La vicenda nasce dai fermi delle imbarcazioni di Sea-Watch, che si era rivolta al Tar. Quest’ultimo ha poi girato il tema alla Corte di Lussemburgo. La Commissione europea all’Italia: “Applicate la sentenza”
di Fabio Greco
AGI – Arriva dalla Corte di giustizia europea una sentenza storica per il soccorso in mare dei migranti, e una bocciatura per il governo italiano: le navi di organizzazioni umanitarie che conducono un’attività sistematica di ricerca e soccorso possono essere sottoposte a controlli da parte dello Stato di approdo, ma quest’ultimo può adottare provvedimenti di fermo soltanto in caso di evidente pericolo per la sicurezza, la salute o l’ambiente, tutte circostanze che vanno provate dallo Stato che adotta il provvedimento. La Corte di Lussemburgo si è pronunciata sul caso delle due navi Sea Watch 3 e Sea Watch 4, oggetto di fermo ai porti di Palermo e di Porto Empedocle nell’estate del 2020. Per prendere tale provvedimento, le autorità italiane avrebbero dovuto dimostrare “in maniera concreta e circostanziata, l’esistenza di indizi seri di un pericolo per la salute, la sicurezza, le condizioni di lavoro a bordo o l’ambiente”. In ogni caso, “spetta al giudice del rinvio verificare il rispetto di tali prescrizioni”, ha aggiunto la Corte.
Le due navi furono oggetto di ispezioni da parte delle capitanerie di porto, con la motivazione che non erano certificate per l’attività di ricerca e soccorso in mare e avevano imbarcato un numero di persone ampiamente superiore a quello autorizzato. Inoltre le autorità portuali affermarono l’esistenza di carenze tecniche e operative che comportavano un evidente pericolo per la sicurezza, la salute o l’ambiente che richiedevano il fermo delle navi. La Sea Watch fece ricorso al Tar Sicilia per l’annullamento dei provvedimenti, sostenendo che le capitanerie avrebbero violato i poteri di cui dispongono le autorità dello Stato di approdo. Il Tar, a sua volta, si rivolse alla Corte, che, riunita in Grande Sezione, ha ribadito l’importanza, anche nell’applicazione della direttiva 2009/16 sui controlli nei porti, gli Stati membri “sono tenuti a rispettare…la convenzione sul diritto del mare e la convenzione per la salvaguardia della vita umana in mare”.

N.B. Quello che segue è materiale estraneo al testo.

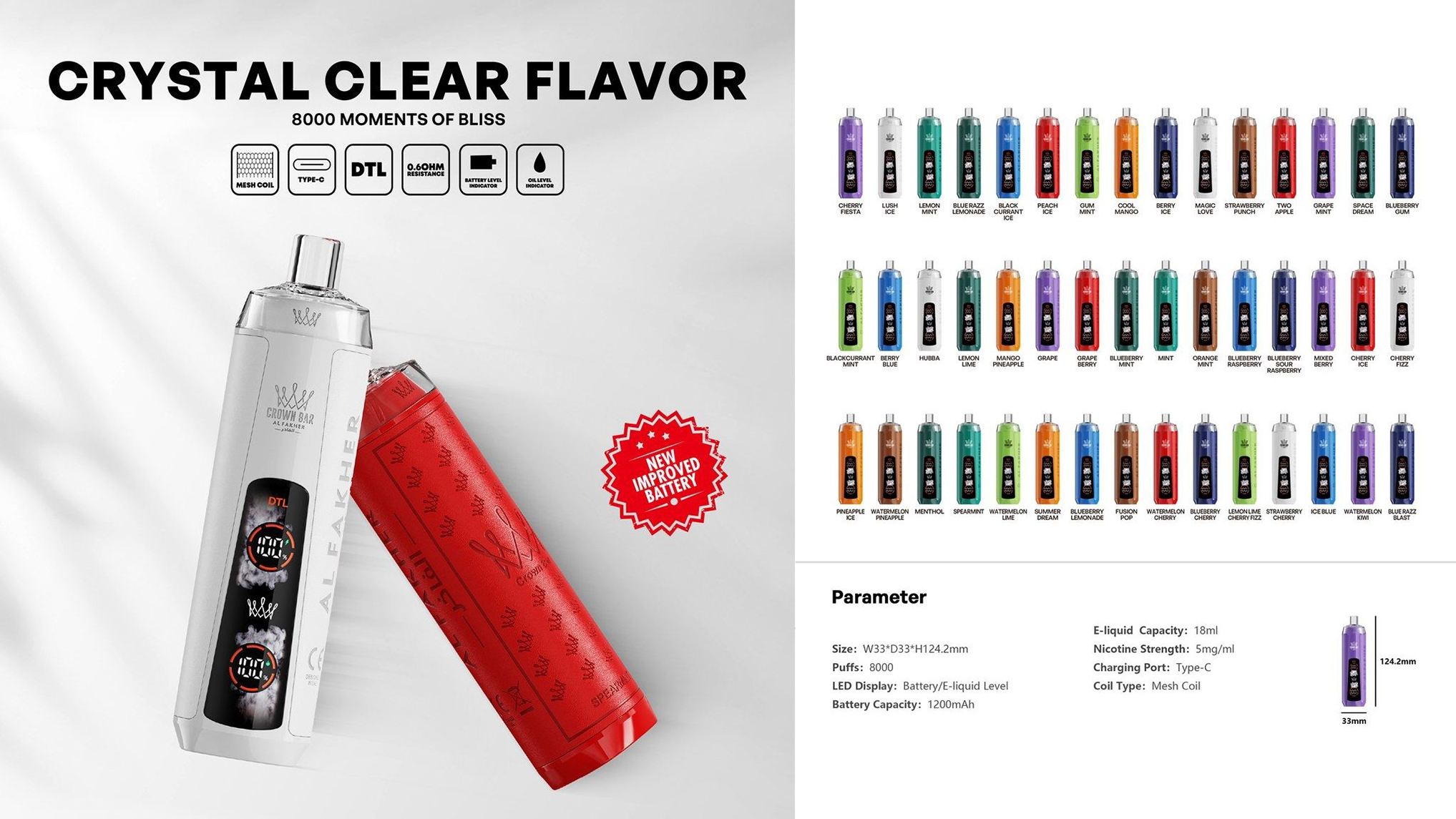 Al Fakher 8000 Crystal Disposable Vape Poster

“La prima sancisce, in particolare, l’obbligo fondamentale di prestare soccorso alle persone in pericolo o in difficoltà in mare. La seconda dispone – spiega la Corte – che le persone che si trovano, a seguito di un’operazione di soccorso in mare, a bordo di una nave, compresa una nave gestita da un’organizzazione umanitaria quale la Sea Watch, non devono essere computate in sede di verifica del rispetto delle norme di sicurezza in mare. Il numero di persone a bordo, anche ampiamente superiore a quello autorizzato, non può dunque costituire, di per sè solo, una ragione che giustifichi un controllo“.

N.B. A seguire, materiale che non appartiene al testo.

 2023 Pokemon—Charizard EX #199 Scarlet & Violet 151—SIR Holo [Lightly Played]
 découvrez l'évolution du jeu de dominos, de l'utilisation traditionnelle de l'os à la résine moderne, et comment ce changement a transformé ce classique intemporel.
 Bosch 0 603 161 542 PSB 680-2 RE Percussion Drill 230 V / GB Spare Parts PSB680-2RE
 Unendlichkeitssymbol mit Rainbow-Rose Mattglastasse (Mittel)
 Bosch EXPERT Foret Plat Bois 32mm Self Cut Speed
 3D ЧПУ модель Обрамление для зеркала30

Una volta che una nave umanitaria abbia completato lo sbarco o il trasbordo di tali persone in un porto, lo Stato di approdo “può sottoporla a un’ispezione diretta a controllare il rispetto delle norme di sicurezza in mare. A tal fine, occorre però che tale Stato dimostri, in maniera concreta e circostanziata, l’esistenza di indizi seri di un pericolo per la salute, la sicurezza, le condizioni di lavoro a bordo o l’ambiente”.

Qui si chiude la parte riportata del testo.